◆ **ACTIVITY**
Extract the lines from the first one in the records below through the line containing "El rescate se", keeping both ends and leaving out any pictures.

Scraped caption text data:
=====

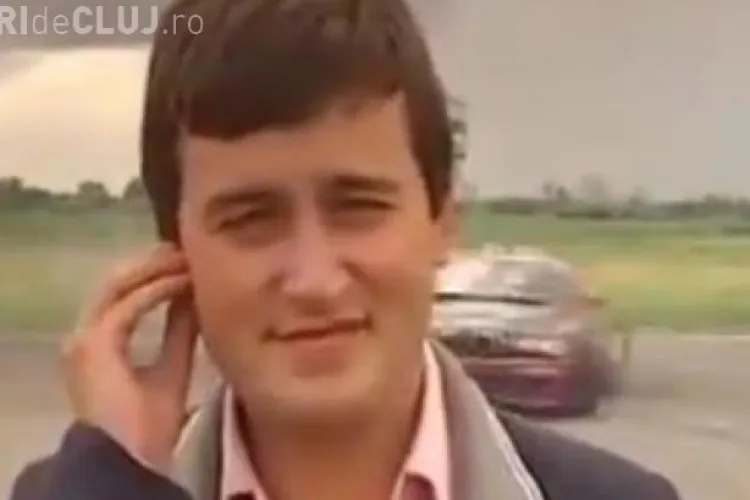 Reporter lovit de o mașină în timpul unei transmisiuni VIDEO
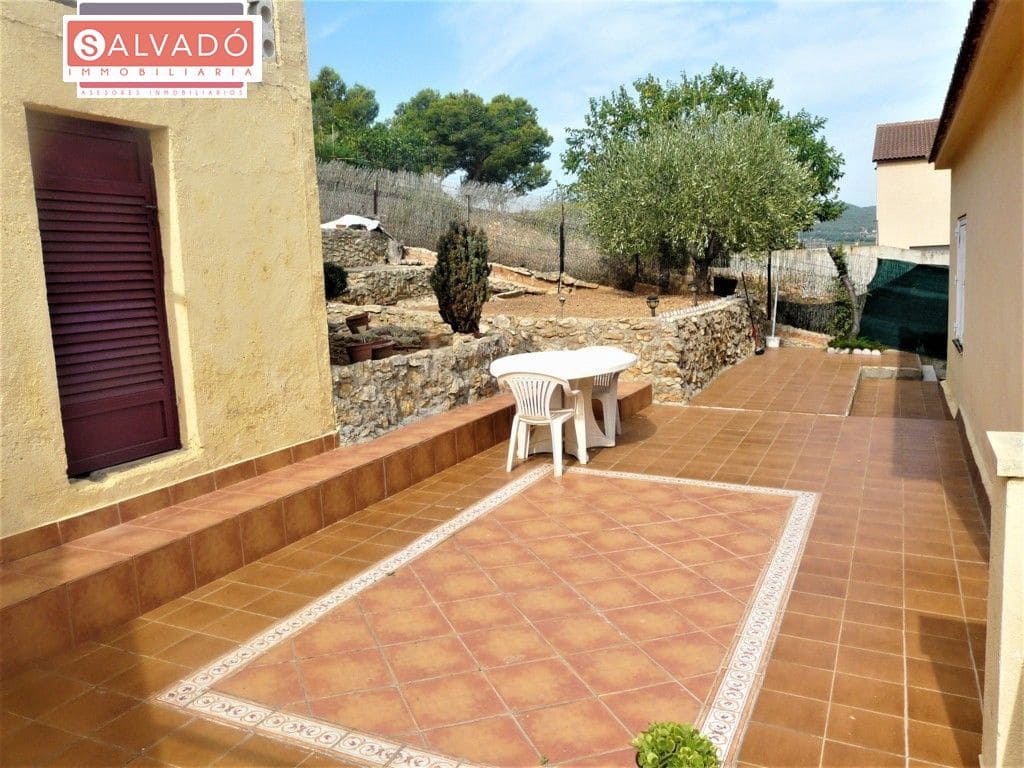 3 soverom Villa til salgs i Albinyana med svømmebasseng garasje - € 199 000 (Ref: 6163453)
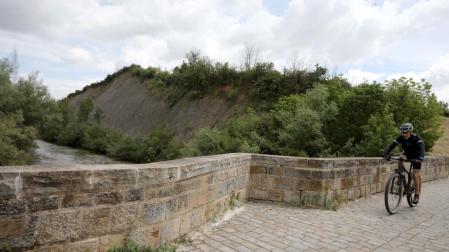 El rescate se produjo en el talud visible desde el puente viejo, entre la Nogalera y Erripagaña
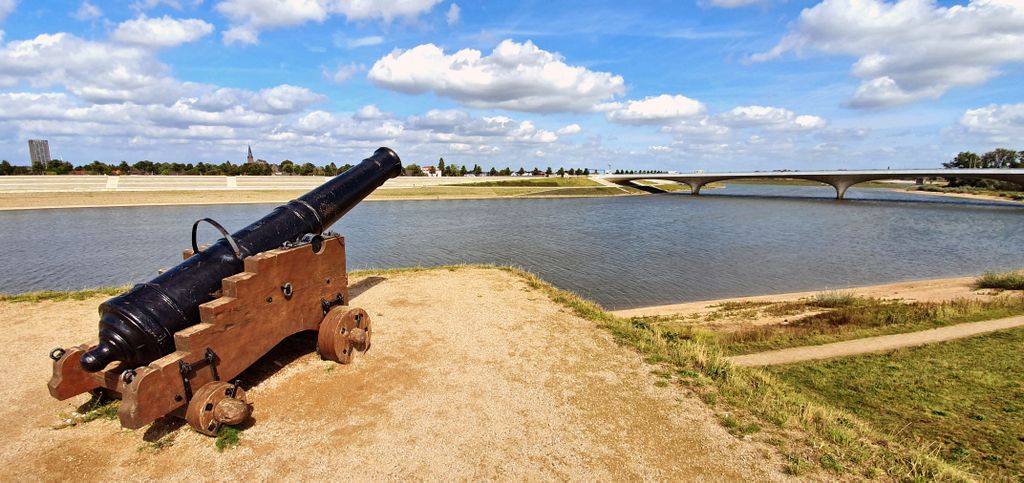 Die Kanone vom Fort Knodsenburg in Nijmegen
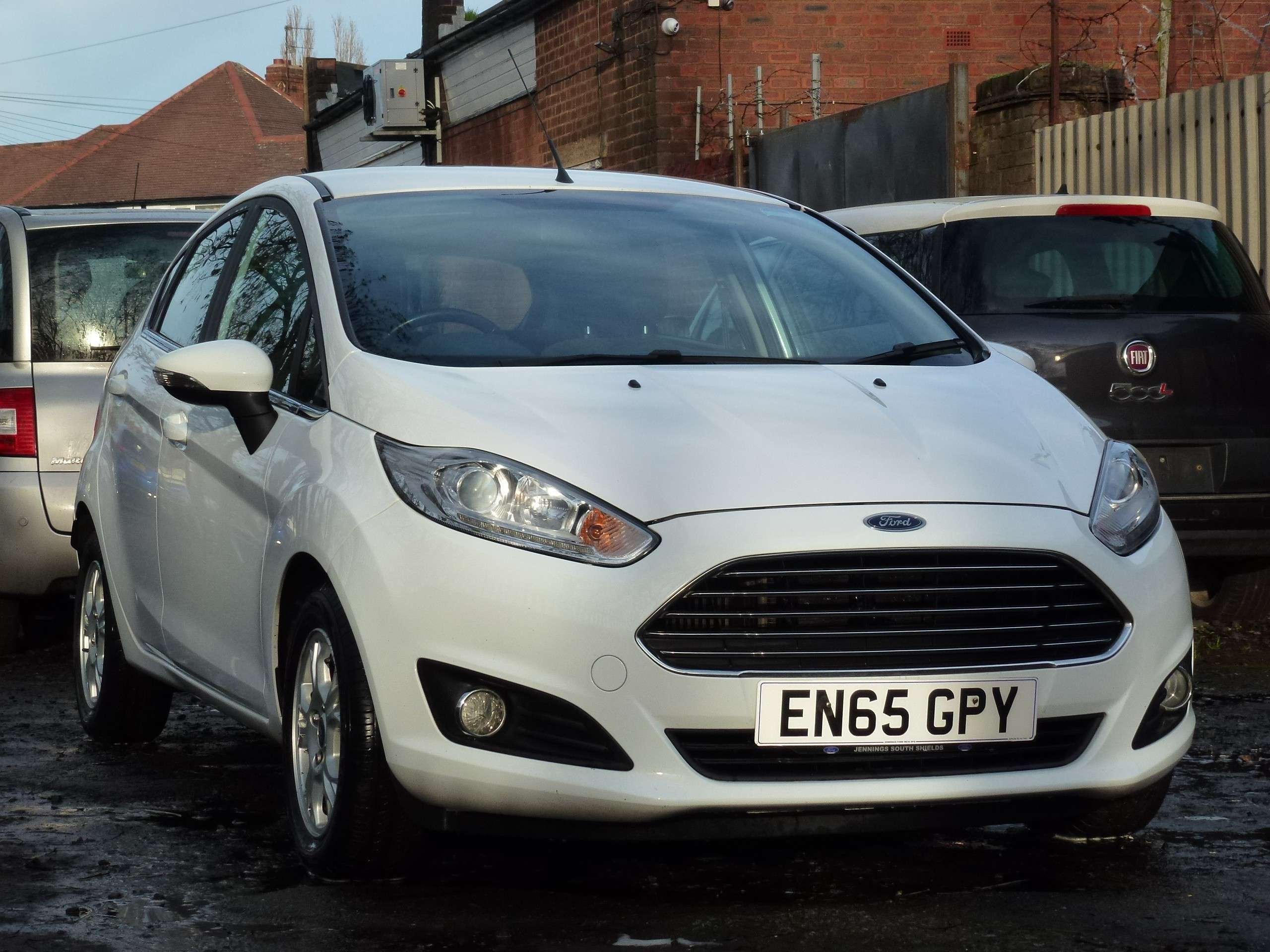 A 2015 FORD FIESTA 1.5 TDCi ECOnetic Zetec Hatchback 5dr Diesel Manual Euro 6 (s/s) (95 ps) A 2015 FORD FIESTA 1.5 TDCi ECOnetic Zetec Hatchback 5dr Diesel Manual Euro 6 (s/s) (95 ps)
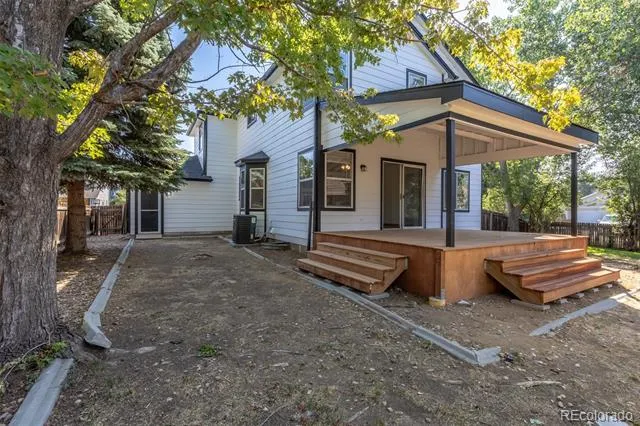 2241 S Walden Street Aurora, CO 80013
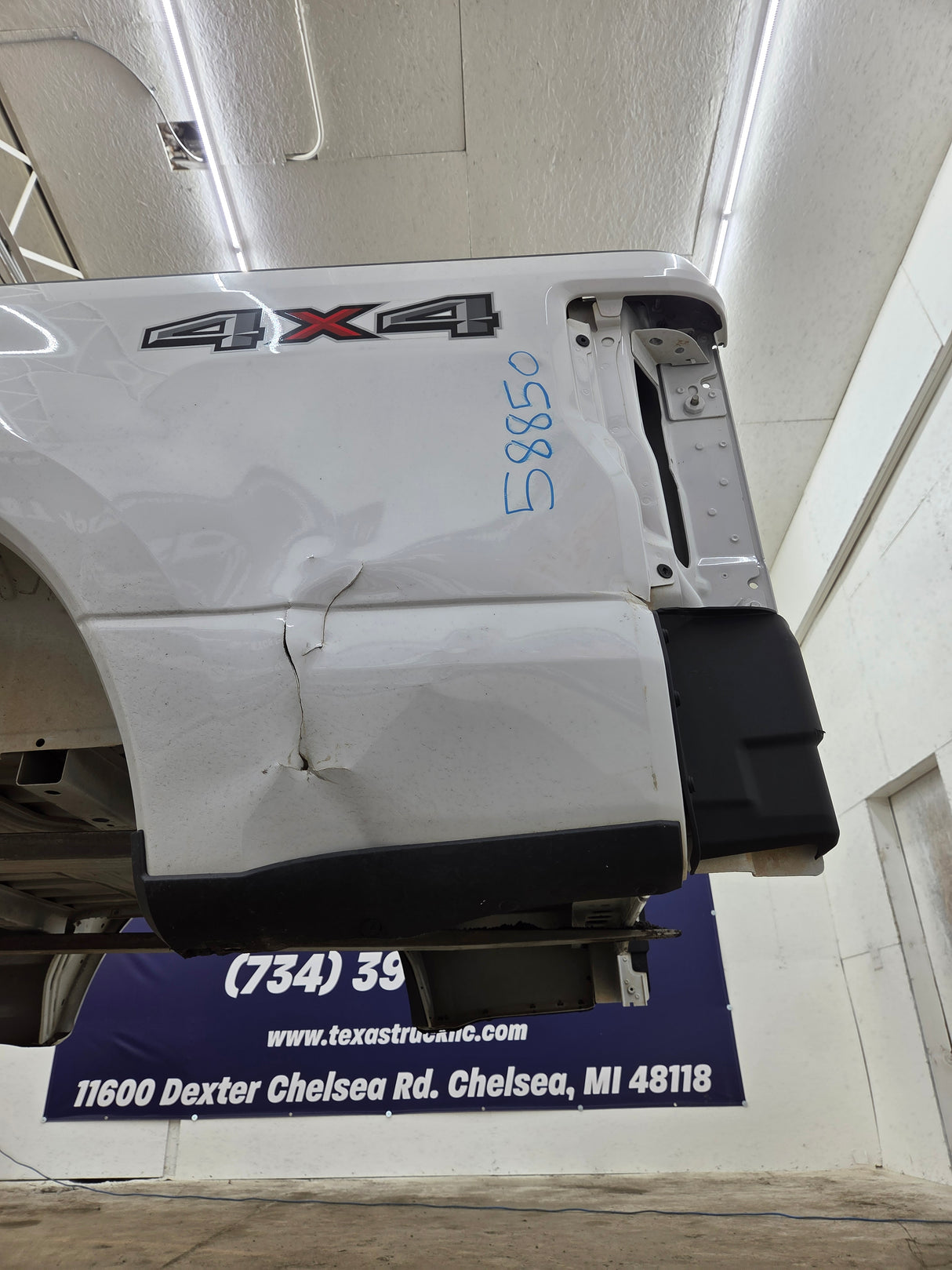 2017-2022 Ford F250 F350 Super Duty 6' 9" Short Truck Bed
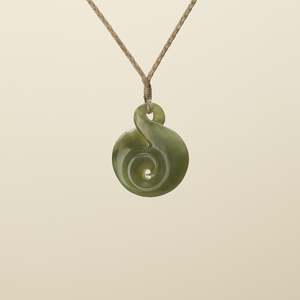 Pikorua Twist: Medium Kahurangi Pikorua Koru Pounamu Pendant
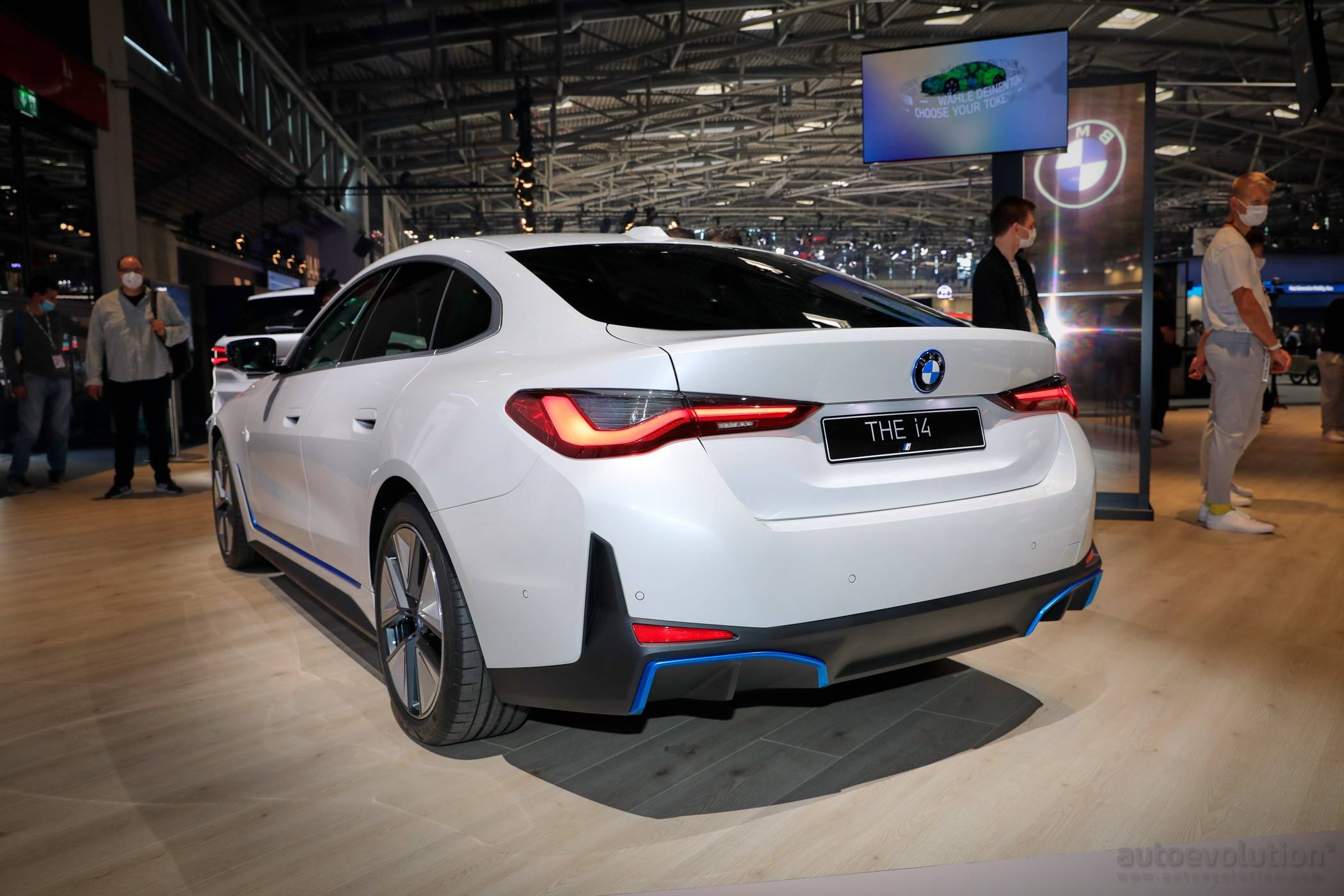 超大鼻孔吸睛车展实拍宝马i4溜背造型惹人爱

=====

◆ **EXERCISE RESULT**
 Reporter lovit de o mașină în timpul unei transmisiuni VIDEO
 3 soverom Villa til salgs i Albinyana med svømmebasseng garasje - € 199 000 (Ref: 6163453)
 El rescate se produjo en el talud visible desde el puente viejo, entre la Nogalera y Erripagaña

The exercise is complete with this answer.